Blootstelling aan lood en bloeddruk in een longitudinale studie: Om op prospectieve wijze het verband tussen een lage blootstelling aan lood en bloeddruk te evalueren, werd van 1985 tot 1989 een staal van de Belgische bevolking onderzocht (n = 728; 49% mannen; leeftijdsbereik: 20-82 jaar) en werd dit onderzoek herhaald in de periode van 1991 tot 1995. Zowel bij de start van de studie als bij de follow-up werd de bloeddruk gemeten door middel van conventionele bloeddrukmetingen (15 in totaal) en bij follow-up ook door middel van een 24-uur ambulante bloeddrukmonitoring. De blootstelling werd geschat via het gehalte aan lood en zinkprotoporfyrine in het bloed. Multivariant analyses hielden rekening met de volgende covariabelen: geslacht, leeftijd, zwaarlijvigheid, rook- en drinkgewoontes, fysieke activiteit, blootstelling in de werkplaats, sociale klasse, menopause, medicatie, hematocriet, serum-calcium en g-glutamyltransferase. Aanvankelijk bedroeg de bloeddruk gemiddeld (systolisch/diastolisch ± SD) 130±17 / 77±9 mm Hg, het loodgehalte in het bloed 0.42 µmol/l (bereik: 0.08-3.50) en het zinkprotoporfyrine 1.0 µg/g hemoglobine (0.3-19.5). Na een mediane follow-up van 5.2 jaar daalde het loodgehalte (p<.001) met 0.14 µmol/l (32%). Kleine, maar statistich significante (p<.01) veranderingen werden waargenomen in de conventioneel gemeten systolische (-1.5 mm Hg) en diastolische (+1.7 mm Hg) bloeddruk en in het zinkprotoporfyrine (+0.5 µg/g hemoglobine). Tijden de follow-up kwam geen consistente verband aan het licht tussen de veranderingen in de conventionele bloeddruk en deze in loodgehalte of zinkprotoporfyrinegehalte in het bloed. Bovendien kon noch het loodgehalte, noch het zinkprotoporfyrinegehalte in het bloed bij de aanvang van de studie het ontwikkelen van hypertensie bij 47 patienten voorspellen (risicoverhouding geassocieerd met een verdubbeling van het loodgehalte in het bloed: 1.2; BI: 0.7-2.0). In een analyse waarbij elke proefpersoon gekarakterizeerd werd door alle beschikbare metingen, correleerde de conventionele bloeddruk niet met de loodconcentratie in het bloed, noch met de concentratie van zinkprotoporfyrine.
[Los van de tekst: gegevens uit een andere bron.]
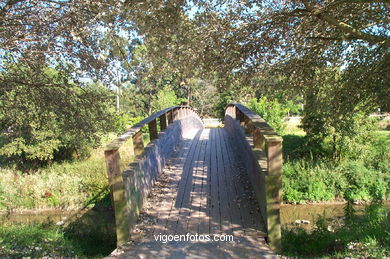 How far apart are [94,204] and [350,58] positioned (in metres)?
9.19

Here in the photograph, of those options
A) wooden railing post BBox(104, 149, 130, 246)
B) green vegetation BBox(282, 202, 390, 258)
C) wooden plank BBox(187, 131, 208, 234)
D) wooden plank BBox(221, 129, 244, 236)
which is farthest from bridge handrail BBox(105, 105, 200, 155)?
green vegetation BBox(282, 202, 390, 258)

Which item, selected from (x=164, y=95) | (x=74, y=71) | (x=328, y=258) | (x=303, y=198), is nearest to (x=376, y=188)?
(x=303, y=198)

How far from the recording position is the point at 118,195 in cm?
381

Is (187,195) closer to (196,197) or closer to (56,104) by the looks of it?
(196,197)

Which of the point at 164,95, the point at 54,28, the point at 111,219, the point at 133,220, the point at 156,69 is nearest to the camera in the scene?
the point at 133,220

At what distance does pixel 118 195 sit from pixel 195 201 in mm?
1554

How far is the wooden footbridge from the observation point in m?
3.61

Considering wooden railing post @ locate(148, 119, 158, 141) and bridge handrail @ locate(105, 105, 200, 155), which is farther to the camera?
wooden railing post @ locate(148, 119, 158, 141)

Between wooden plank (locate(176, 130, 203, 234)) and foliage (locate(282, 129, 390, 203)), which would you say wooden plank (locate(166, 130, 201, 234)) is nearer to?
wooden plank (locate(176, 130, 203, 234))

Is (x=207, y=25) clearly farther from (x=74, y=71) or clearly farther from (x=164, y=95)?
(x=164, y=95)

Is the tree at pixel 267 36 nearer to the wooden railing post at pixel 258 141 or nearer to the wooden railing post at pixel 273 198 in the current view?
the wooden railing post at pixel 258 141

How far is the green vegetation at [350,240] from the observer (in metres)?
3.59

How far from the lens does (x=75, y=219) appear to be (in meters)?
9.91

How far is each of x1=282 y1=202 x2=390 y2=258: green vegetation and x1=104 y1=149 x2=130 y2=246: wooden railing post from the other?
80.5 inches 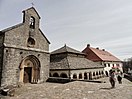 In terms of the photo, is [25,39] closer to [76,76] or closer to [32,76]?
[32,76]

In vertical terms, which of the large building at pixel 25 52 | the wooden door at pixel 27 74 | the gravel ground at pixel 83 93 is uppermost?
the large building at pixel 25 52

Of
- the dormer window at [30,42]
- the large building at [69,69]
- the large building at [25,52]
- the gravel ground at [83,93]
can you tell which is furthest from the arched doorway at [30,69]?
the gravel ground at [83,93]

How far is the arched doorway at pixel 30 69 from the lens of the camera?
708 inches

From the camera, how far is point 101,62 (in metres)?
40.9

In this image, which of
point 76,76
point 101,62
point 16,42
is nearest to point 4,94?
point 16,42

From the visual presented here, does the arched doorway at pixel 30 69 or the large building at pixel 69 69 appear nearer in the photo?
the arched doorway at pixel 30 69

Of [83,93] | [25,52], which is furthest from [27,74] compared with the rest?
[83,93]

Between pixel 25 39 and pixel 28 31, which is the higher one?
pixel 28 31

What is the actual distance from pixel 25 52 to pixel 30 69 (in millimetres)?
2918

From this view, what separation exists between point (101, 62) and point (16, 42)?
29751 millimetres

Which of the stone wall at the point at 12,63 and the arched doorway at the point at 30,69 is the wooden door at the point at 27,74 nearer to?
the arched doorway at the point at 30,69

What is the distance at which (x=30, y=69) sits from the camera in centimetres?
1922

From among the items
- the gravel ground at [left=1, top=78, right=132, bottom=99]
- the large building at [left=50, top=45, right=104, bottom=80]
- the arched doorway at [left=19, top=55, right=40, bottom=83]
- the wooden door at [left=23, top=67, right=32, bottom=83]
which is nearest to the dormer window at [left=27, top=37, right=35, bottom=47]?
the arched doorway at [left=19, top=55, right=40, bottom=83]

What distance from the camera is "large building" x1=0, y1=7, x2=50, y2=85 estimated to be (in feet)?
50.9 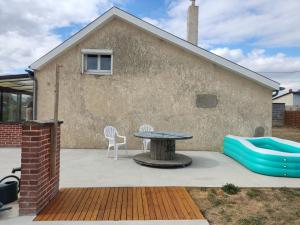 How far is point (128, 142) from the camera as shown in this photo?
35.0 ft

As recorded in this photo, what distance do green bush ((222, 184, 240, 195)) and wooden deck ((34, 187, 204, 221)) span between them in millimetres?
846

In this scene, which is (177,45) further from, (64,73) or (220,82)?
(64,73)

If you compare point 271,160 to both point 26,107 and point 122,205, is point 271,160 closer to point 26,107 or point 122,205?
point 122,205

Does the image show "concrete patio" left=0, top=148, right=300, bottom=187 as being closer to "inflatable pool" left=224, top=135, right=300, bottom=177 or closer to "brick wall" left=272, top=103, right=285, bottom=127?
"inflatable pool" left=224, top=135, right=300, bottom=177

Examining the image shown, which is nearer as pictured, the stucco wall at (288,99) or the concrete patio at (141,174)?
the concrete patio at (141,174)

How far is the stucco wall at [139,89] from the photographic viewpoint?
1061 centimetres

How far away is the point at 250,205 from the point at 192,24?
11.2m

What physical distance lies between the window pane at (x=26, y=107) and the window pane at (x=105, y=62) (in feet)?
12.7

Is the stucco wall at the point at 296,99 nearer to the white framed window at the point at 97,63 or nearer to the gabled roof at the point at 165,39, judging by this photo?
the gabled roof at the point at 165,39

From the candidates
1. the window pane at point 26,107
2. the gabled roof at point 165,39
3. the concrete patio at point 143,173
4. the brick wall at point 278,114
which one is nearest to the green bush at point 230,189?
the concrete patio at point 143,173

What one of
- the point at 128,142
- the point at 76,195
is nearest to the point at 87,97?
the point at 128,142

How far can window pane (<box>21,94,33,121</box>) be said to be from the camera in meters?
11.9

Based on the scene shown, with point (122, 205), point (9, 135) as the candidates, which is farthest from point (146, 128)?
point (122, 205)

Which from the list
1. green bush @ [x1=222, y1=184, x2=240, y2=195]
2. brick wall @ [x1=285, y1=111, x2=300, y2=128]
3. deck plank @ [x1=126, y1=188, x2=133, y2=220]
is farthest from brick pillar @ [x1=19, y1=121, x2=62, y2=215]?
brick wall @ [x1=285, y1=111, x2=300, y2=128]
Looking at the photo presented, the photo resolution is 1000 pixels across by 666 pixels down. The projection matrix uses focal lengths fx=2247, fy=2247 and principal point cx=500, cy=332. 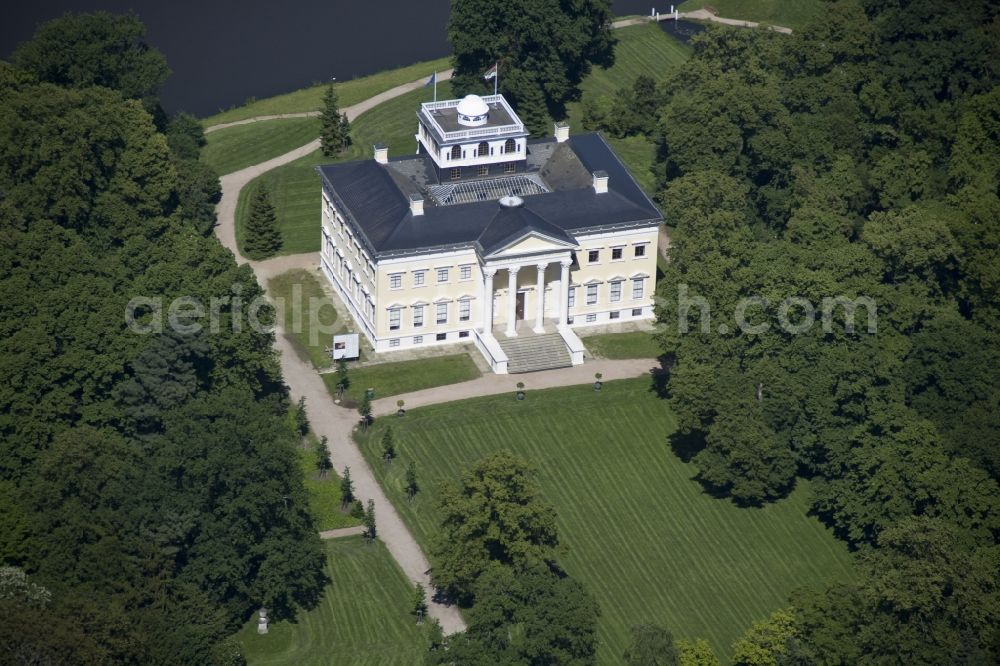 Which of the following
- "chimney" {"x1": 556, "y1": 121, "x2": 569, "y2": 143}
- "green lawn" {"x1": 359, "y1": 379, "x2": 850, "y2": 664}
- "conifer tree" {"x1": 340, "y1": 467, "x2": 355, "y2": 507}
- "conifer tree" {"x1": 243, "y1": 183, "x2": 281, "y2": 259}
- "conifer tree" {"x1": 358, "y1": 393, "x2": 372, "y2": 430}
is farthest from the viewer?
"conifer tree" {"x1": 243, "y1": 183, "x2": 281, "y2": 259}

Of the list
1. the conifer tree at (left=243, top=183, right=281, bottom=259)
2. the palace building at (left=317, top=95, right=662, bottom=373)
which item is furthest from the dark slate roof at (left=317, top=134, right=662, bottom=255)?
the conifer tree at (left=243, top=183, right=281, bottom=259)

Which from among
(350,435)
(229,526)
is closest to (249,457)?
(229,526)

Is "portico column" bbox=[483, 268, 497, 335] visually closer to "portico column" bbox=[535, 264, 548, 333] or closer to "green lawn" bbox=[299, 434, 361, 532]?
"portico column" bbox=[535, 264, 548, 333]

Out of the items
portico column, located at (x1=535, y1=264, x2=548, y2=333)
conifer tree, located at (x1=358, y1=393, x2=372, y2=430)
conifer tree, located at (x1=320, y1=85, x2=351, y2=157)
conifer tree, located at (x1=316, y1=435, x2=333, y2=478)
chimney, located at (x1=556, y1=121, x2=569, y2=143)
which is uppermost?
chimney, located at (x1=556, y1=121, x2=569, y2=143)

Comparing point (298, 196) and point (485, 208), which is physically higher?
point (485, 208)

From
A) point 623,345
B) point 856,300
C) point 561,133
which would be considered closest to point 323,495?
point 623,345

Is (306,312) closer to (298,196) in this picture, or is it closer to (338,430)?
(338,430)

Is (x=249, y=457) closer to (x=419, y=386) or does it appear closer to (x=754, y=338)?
(x=419, y=386) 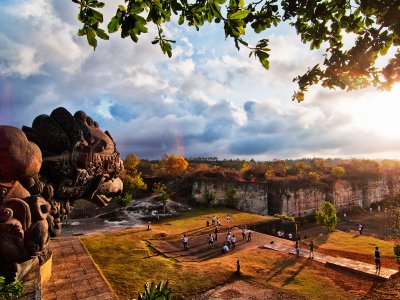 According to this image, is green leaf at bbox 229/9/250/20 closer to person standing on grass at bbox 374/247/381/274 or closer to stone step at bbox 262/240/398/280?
stone step at bbox 262/240/398/280

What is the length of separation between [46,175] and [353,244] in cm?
1973

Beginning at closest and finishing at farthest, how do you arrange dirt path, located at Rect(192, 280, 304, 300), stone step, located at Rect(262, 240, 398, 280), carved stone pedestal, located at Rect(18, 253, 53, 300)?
carved stone pedestal, located at Rect(18, 253, 53, 300), dirt path, located at Rect(192, 280, 304, 300), stone step, located at Rect(262, 240, 398, 280)

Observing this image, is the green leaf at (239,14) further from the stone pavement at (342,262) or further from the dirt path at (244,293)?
the stone pavement at (342,262)

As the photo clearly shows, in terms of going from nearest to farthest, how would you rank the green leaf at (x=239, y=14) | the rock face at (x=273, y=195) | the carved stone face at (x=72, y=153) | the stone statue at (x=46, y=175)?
the green leaf at (x=239, y=14) → the stone statue at (x=46, y=175) → the carved stone face at (x=72, y=153) → the rock face at (x=273, y=195)

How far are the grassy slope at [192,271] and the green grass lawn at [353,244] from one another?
18.3ft

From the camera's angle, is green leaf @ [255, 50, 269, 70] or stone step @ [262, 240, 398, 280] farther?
stone step @ [262, 240, 398, 280]

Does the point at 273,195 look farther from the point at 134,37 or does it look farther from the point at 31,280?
the point at 134,37

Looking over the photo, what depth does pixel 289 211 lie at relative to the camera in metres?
32.7

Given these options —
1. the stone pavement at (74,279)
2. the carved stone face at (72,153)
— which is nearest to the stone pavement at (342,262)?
the stone pavement at (74,279)

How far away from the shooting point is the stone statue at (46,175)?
Answer: 393cm

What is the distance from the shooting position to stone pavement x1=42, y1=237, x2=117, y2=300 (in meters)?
6.48

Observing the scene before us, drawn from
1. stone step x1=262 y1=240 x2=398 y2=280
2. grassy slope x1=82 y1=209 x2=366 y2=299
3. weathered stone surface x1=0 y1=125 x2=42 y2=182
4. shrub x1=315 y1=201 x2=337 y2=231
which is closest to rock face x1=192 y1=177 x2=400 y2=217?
shrub x1=315 y1=201 x2=337 y2=231

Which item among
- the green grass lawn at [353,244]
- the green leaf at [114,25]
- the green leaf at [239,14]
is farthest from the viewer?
the green grass lawn at [353,244]

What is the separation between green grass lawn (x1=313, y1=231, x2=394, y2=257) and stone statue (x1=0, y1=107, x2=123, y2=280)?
16.4 m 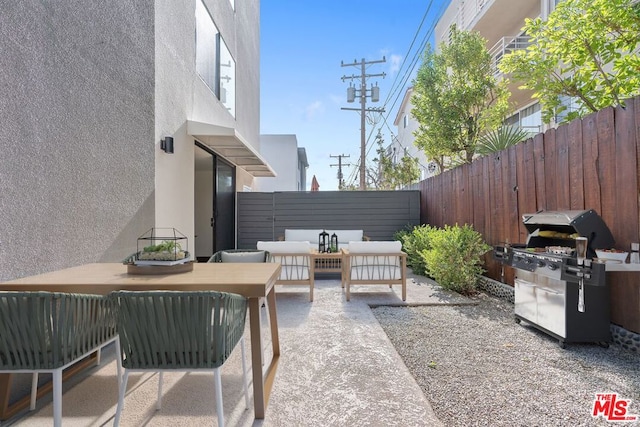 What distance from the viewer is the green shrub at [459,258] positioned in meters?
5.18

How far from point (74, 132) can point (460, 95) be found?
671cm

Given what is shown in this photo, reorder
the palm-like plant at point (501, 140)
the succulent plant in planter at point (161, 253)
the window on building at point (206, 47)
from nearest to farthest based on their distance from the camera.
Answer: the succulent plant in planter at point (161, 253)
the palm-like plant at point (501, 140)
the window on building at point (206, 47)

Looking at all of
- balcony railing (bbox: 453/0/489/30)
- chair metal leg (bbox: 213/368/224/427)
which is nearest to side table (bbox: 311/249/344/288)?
chair metal leg (bbox: 213/368/224/427)

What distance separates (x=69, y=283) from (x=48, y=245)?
2.38ft

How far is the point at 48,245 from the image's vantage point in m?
2.57

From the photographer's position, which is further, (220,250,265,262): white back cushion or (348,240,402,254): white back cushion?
(348,240,402,254): white back cushion

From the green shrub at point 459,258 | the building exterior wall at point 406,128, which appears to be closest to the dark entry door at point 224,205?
the green shrub at point 459,258

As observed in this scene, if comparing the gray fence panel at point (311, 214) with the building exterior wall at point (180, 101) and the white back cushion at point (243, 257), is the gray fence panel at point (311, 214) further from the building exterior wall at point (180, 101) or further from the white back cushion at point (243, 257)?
the white back cushion at point (243, 257)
Bovendien vertoonden de 24-uur ambulante bloeddruk bij follow-up (gemiddeld 119±11 / 71±8 mm Hg, n = 684) geen consistent verband met de concentratie in het bloed, van lood en van zinkprotoporfyrine.

Als besluit kan gesteld worden dat deze bevindingen pleiten tegen de hypothese dat de huidige blootstelling aan lood geassocieerd zou zijn met een toename in cardiovasculaire morbiditeit en mortaliteit via een verhoging van de bloeddruk.